### EXERCISE DATA
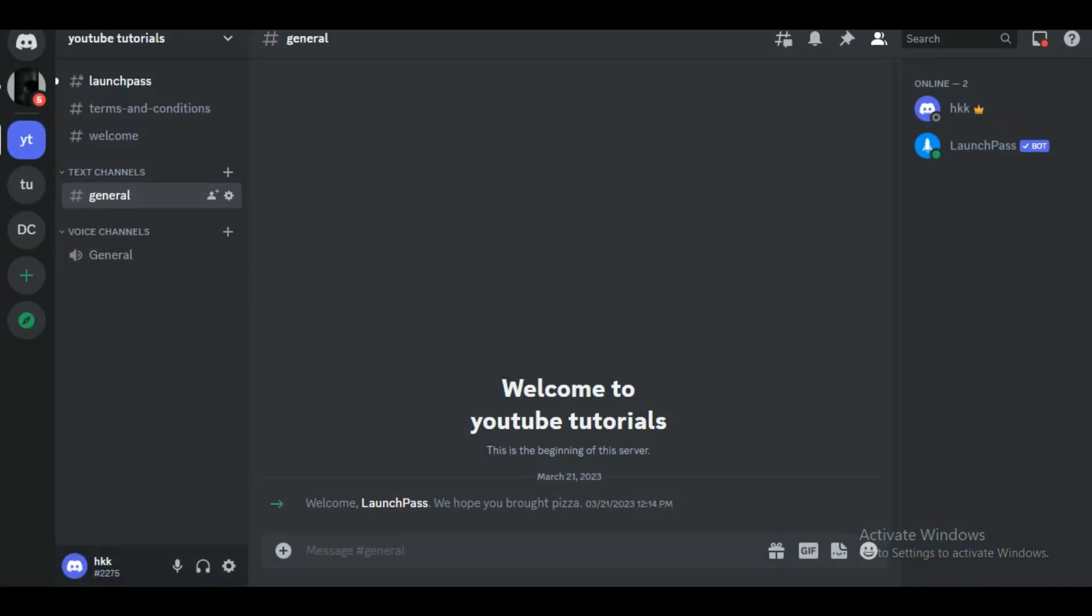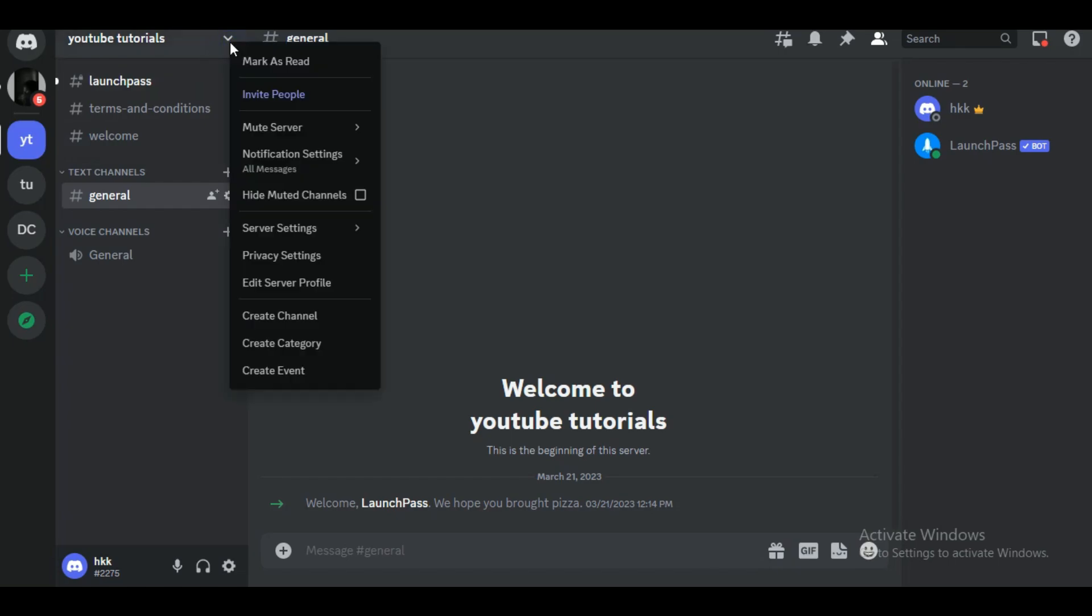First of all, open up your Discord on your PC, then choose the server you want to mute. It can be any server. After choosing one, simply right-click on the server header to open up a list of options.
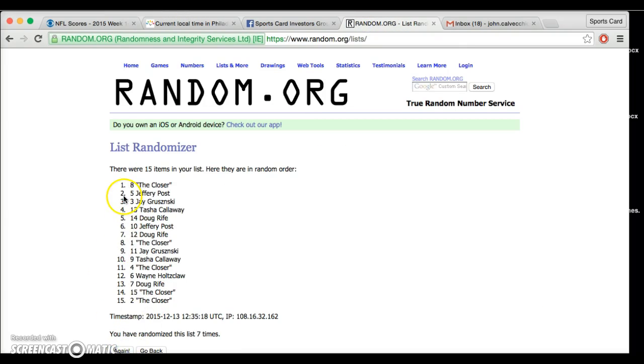The closer, Jeff, Jay, Tasha. That's it, I think, top four. Yep. The closer, Jeff, Jay, and Tasha, congrats.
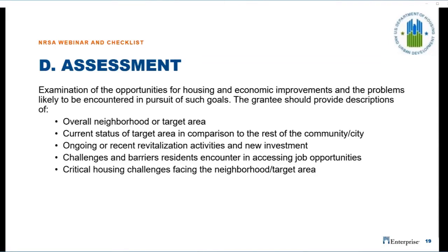The grantee's strategy must include an assessment of the housing and market conditions of the area. Grantees should provide a narrative description of the neighborhood, including the history, location, ethnic and racial changes, economics, community access, transit, educational opportunities, employment centers, and civic infrastructure. The assessment should also include the neighborhood's current status compared to the rest of the jurisdiction, explaining patterns of disinvestment, existing neighborhood assets, patterns of racial and ethnic concentration, and patterns of poverty concentration. A description of ongoing or recent revitalization activities, challenges residents face accessing jobs, and critical housing challenges including high vacancy, overcrowding, and cost burden should also be included.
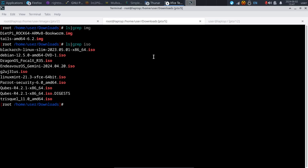Hey guys! Have you ever wanted to make a backup on the command line? Have you ever considered how you might overwrite a disk? Ever wanted to overwrite that disk with nothing but zeros?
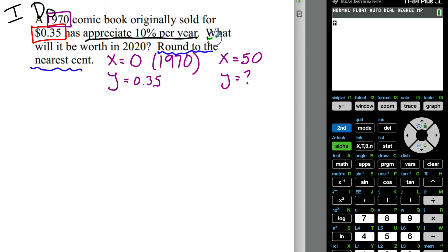I always like to underline my question because whether you're on a test, a quiz, or the SAT, one of the big things you want to always make sure you do is answer the question that's being asked. On the SAT especially, they'll try to trip you up by getting you into a situation where you've done so much work but didn't actually answer what was being asked.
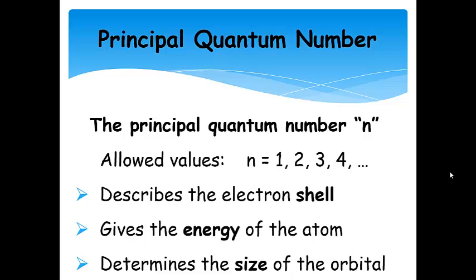The first quantum number is called the principal quantum number, N. The allowed values are 1, 2, 3, and going up — N cannot be 0, and it increases in integer values. N describes the electron shell: N equals 1 is a principal shell, N equals 2 is another, and so on. It gives the energy of the atom — specifically the energy for a one-electron atom or ion — and it also determines the size of the orbital. The larger the N, the larger the orbital.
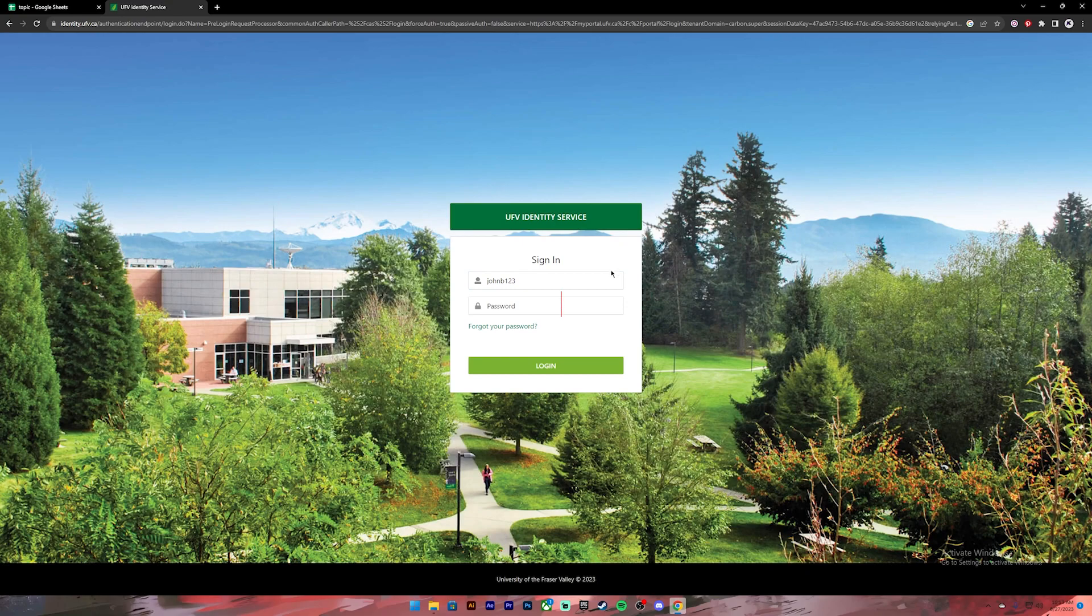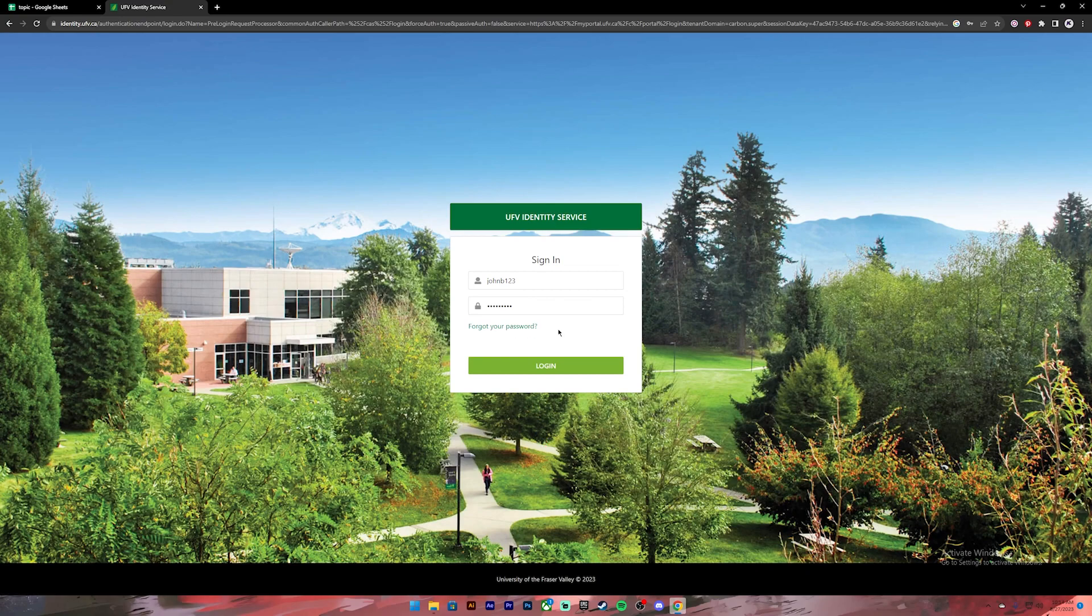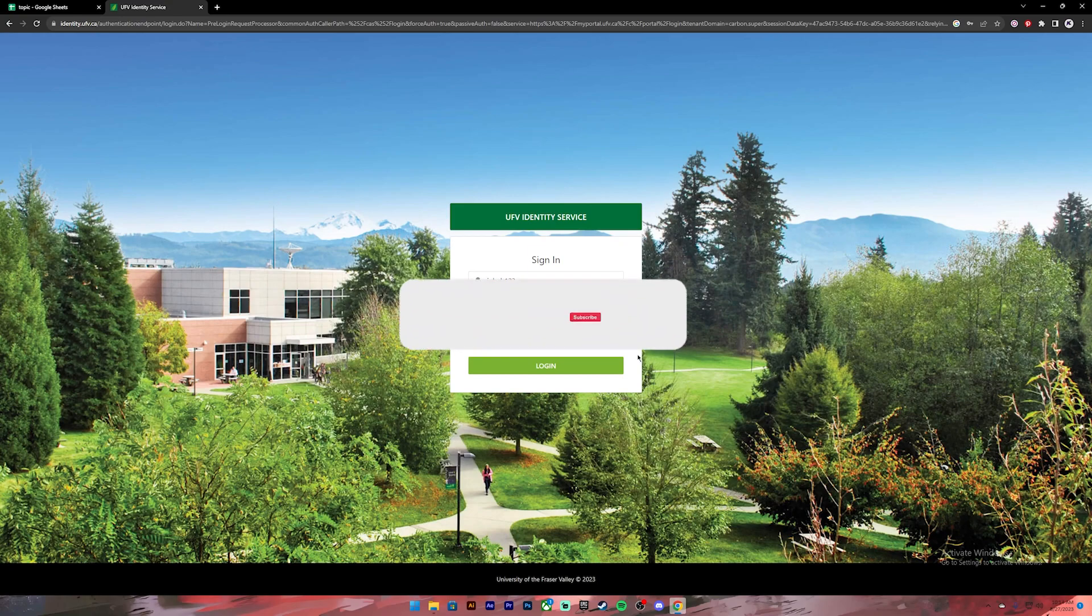After that, enter your password. Make sure you have entered your correct credentials. In case you don't remember your password, you can click on this link to recover your password. Once everything is set, you can click on the login button and you'll be logged into your UFB account.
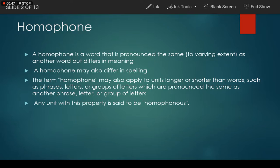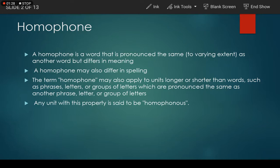Or they may be spelled differently, as in 'rain' (r-a-i-n), 'reign' (r-e-i-g-n), and 'rein' (r-e-i-n) — all three pronounced 'rain'. Here we see three different words that carry three different meanings but are pronounced in the same way. The term homophone may also apply to units longer or shorter than words.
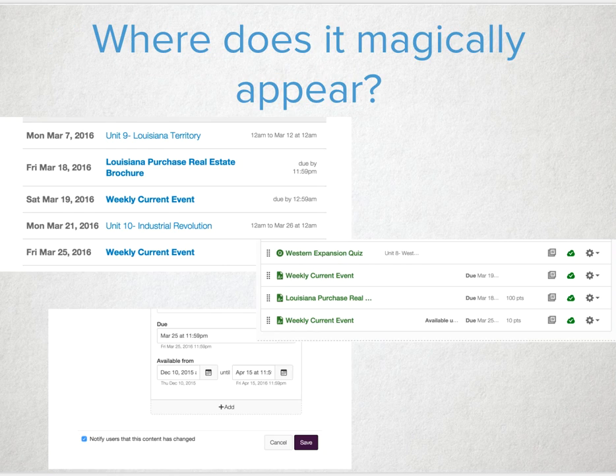So where does this all magically appear? The great thing about items placed on the calendar is that it's all dynamic. If you create it on the calendar in a course, it will appear in the assignments section of the course, on the generated syllabus portion of the course, and if it has a due date item, it will appear on a student's to-do list. And all you had to do was click one place and start typing.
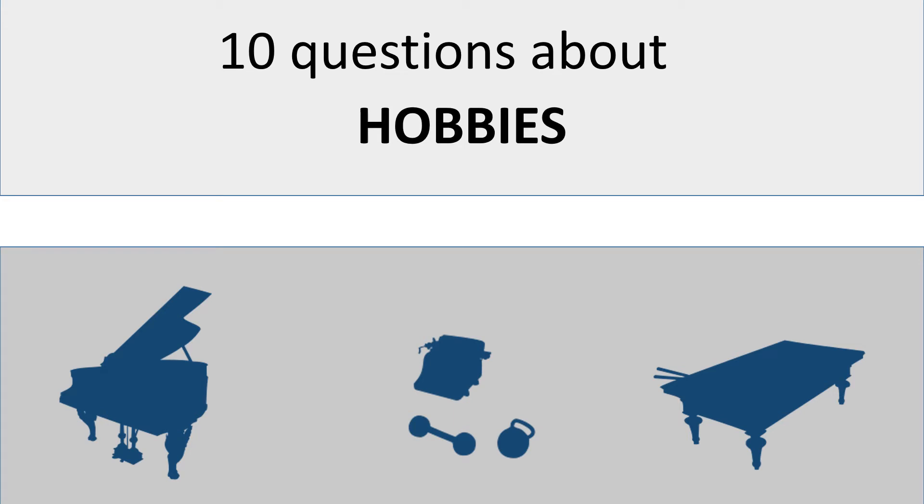Bonjour! I'm back with 10 questions for you. Listen to them first to see if you can understand. The topic today is hobbies.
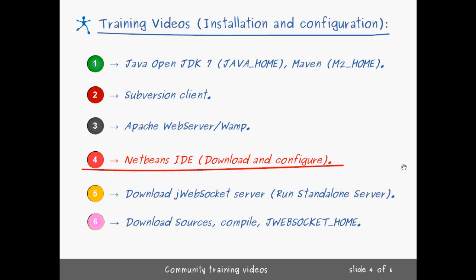So let's proceed with the next step. We need to install NetBeans IDE. Of course, you can install Eclipse in case you are an Eclipse user, but we will just show you how to get this NetBeans IDE installed.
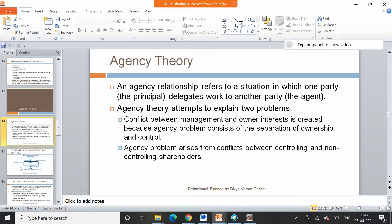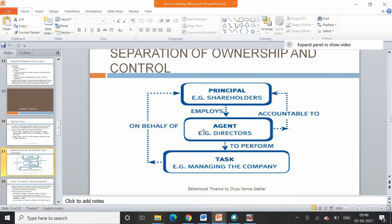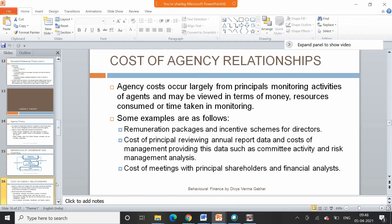This conflict is created because of the separation of ownership and control — the owners of the company are different from the managers. An agency problem can also arise from conflicts between controlling and non-controlling shareholders. Agents are supposed to perform some task on behalf of the principal, and agents are accountable to the principal or shareholders with respect to how much work they have done.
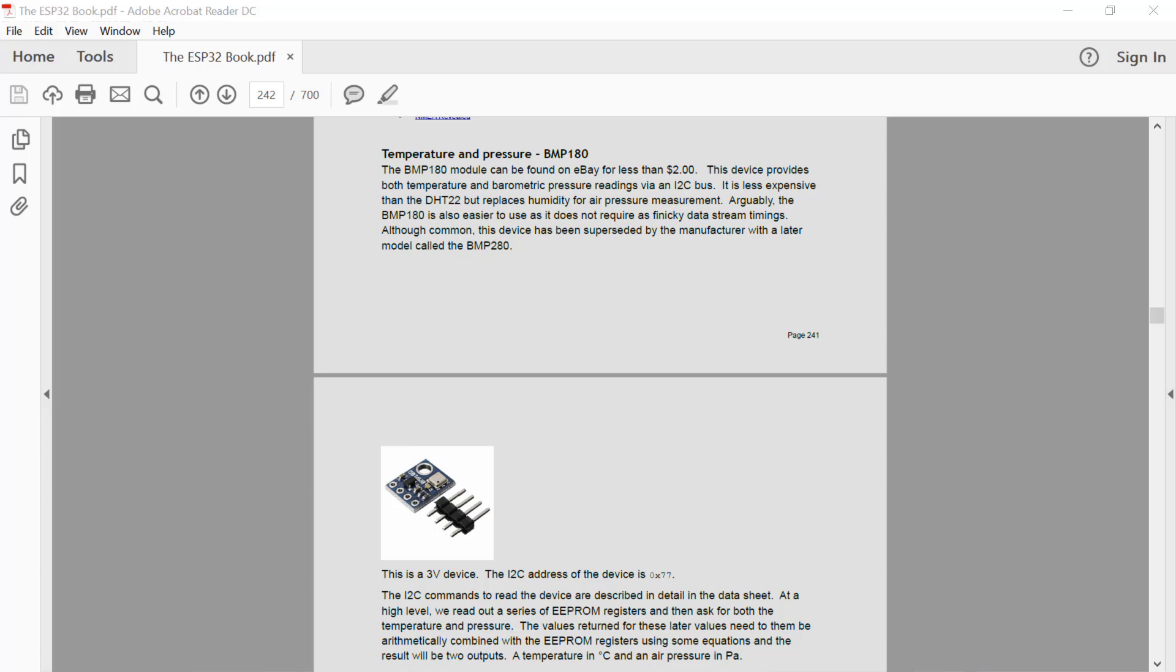Hi guys and welcome to another ESP32 technical tutorial. In this edition we're going to talk about the BMP180.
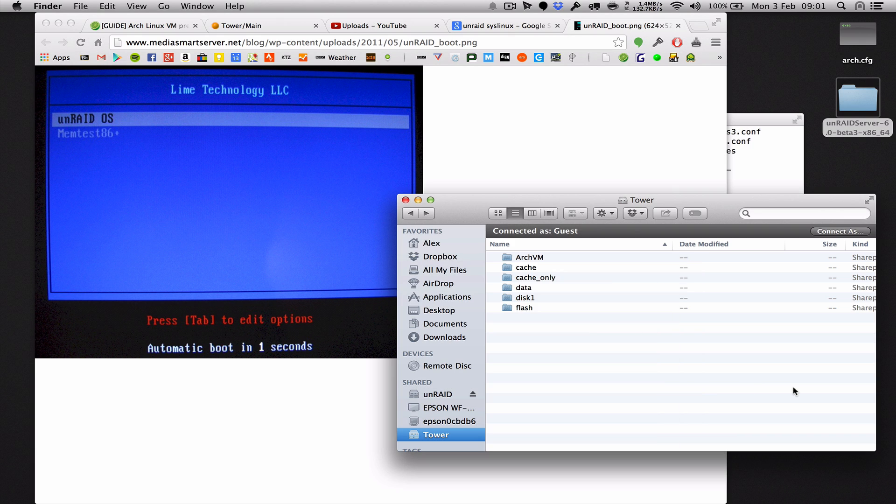What we're trying to do is make it so that every time you boot Unraid it defaults to the Xen kernel instead of the default Unraid kernel which doesn't have the Xen stuff enabled.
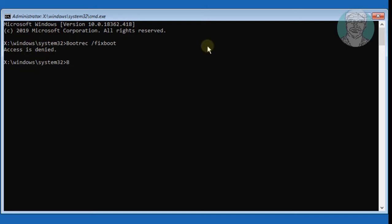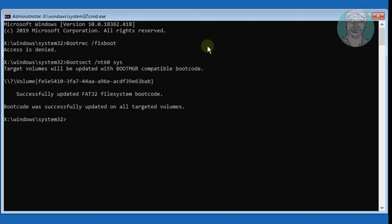Type bootsect /nt60 sys. Now try to type bootrec /fixboot again.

### WORK TO COMPLETE
Retype each record exactly as it appears above and drop the images.

### FINISHED EXERCISE
First of all, open up your Discord on your PC, then choose the server you want to mute. It can be any server. After choosing one, simply right-click on the server header to open up a list of options.
The closer, Jeff, Jay, Tasha. That's it, I think, top four. Yep. The closer, Jeff, Jay, and Tasha, congrats.
The grantee's strategy must include an assessment of the housing and market conditions of the area. Grantees should provide a narrative description of the neighborhood, including the history, location, ethnic and racial changes, economics, community access, transit, educational opportunities, employment centers, and civic infrastructure. The assessment should also include the neighborhood's current status compared to the rest of the jurisdiction, explaining patterns of disinvestment, existing neighborhood assets, patterns of racial and ethnic concentration, and patterns of poverty concentration. A description of ongoing or recent revitalization activities, challenges residents face accessing jobs, and critical housing challenges including high vacancy, overcrowding, and cost burden should also be included.
Hey guys! Have you ever wanted to make a backup on the command line? Have you ever considered how you might overwrite a disk? Ever wanted to overwrite that disk with nothing but zeros?
I always like to underline my question because whether you're on a test, a quiz, or the SAT, one of the big things you want to always make sure you do is answer the question that's being asked. On the SAT especially, they'll try to trip you up by getting you into a situation where you've done so much work but didn't actually answer what was being asked.
The first quantum number is called the principal quantum number, N. The allowed values are 1, 2, 3, and going up — N cannot be 0, and it increases in integer values. N describes the electron shell: N equals 1 is a principal shell, N equals 2 is another, and so on. It gives the energy of the atom — specifically the energy for a one-electron atom or ion — and it also determines the size of the orbital. The larger the N, the larger the orbital.
After that, enter your password. Make sure you have entered your correct credentials. In case you don't remember your password, you can click on this link to recover your password. Once everything is set, you can click on the login button and you'll be logged into your UFB account.
Or they may be spelled differently, as in 'rain' (r-a-i-n), 'reign' (r-e-i-g-n), and 'rein' (r-e-i-n) — all three pronounced 'rain'. Here we see three different words that carry three different meanings but are pronounced in the same way. The term homophone may also apply to units longer or shorter than words.
So where does this all magically appear? The great thing about items placed on the calendar is that it's all dynamic. If you create it on the calendar in a course, it will appear in the assignments section of the course, on the generated syllabus portion of the course, and if it has a due date item, it will appear on a student's to-do list. And all you had to do was click one place and start typing.
Bonjour! I'm back with 10 questions for you. Listen to them first to see if you can understand. The topic today is hobbies.
So let's proceed with the next step. We need to install NetBeans IDE. Of course, you can install Eclipse in case you are an Eclipse user, but we will just show you how to get this NetBeans IDE installed.
This conflict is created because of the separation of ownership and control — the owners of the company are different from the managers. An agency problem can also arise from conflicts between controlling and non-controlling shareholders. Agents are supposed to perform some task on behalf of the principal, and agents are accountable to the principal or shareholders with respect to how much work they have done.
Hi guys and welcome to another ESP32 technical tutorial. In this edition we're going to talk about the BMP180.
What we're trying to do is make it so that every time you boot Unraid it defaults to the Xen kernel instead of the default Unraid kernel which doesn't have the Xen stuff enabled.
Type bootsect /nt60 sys. Now try to type bootrec /fixboot again.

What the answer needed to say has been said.